Chris Thile and How to Grow a Band
Go! FEATURE
Fans of Nickel Creek may shed a few tears over the band’s imminent demise, but take heart in knowing that good things may rise from its ashes.
Even though there are still contractual obligations taking the band through the end of the year, mandolin virtuoso Chris Thile has already started on the next project.
When all is said and done, the band will be known as The Tension’s Mountain Boys, which will focus on combining chamber music and bluegrass, but first, it’s members are getting back to the bluegrass roots by performing as How to Grow a Band.
“We are gradually phasing out our other projects so this will be the main thing that all of us do,” Thile said. “But How to Grow a band is a finite endeavor.”
His relationship with Sara and Sean Watkins, the brother/sister team that is the rest of Nickel Creek remains “as good as it can be,” Thile said.
“There was no event that broke the band up,” he said. “It’s just that being in one band for 17 years is a long time, especially when you started at 8. It’s just time to move on and do something else.”
Something else began with fiddler Gabe Witchler, whom he met when he was 7 years old.
“We grew up playing together and always talked about doing something together, but didn’t know what it should be,” he said. “Then a couple of years ago, we were both suffering from broken hearts so we went out to dinner together and drank a bunch of wine and started talking.

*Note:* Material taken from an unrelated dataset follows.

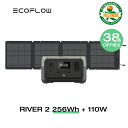 【5/5限定 38 OFF相当 クーポン併用で37,700円 】EcoFlow ポータブル電源 ソーラーパネル セット RIVER 2 256Wh 110W リン酸鉄 長寿命 5年保証 蓄電池 発電機 バッテリー 太陽光パネル 太陽光発電 車中泊 アウトドア キャンプ 節電 停電 防災グッズ リバー2 エコフロー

“If I’m going to do something different, it’s going to be real different,” he said. “We’re moving away from pop music and toward acoustic music and the forms that are embodied in classical music.”
Following in the footsteps of bluegrass/classical fusion pioneers Mark O’Connnor and Edgar Meyer, The Tensions Mountain Boys will focus on “closing a divide that need not exist,” Thile said.
“There really isn’t that much space between sight reading and improvising,” he said. “We’re very oriented in our goal to push beyond that.”
The Tensions Mountain Boys will perform the world premiere of “The Blind Leaving the Blind,” a coming-of-age tale in four movements fusing elements of folk/pop songs and large-scale classical works, March 17 at Carnegie Hall in New York City.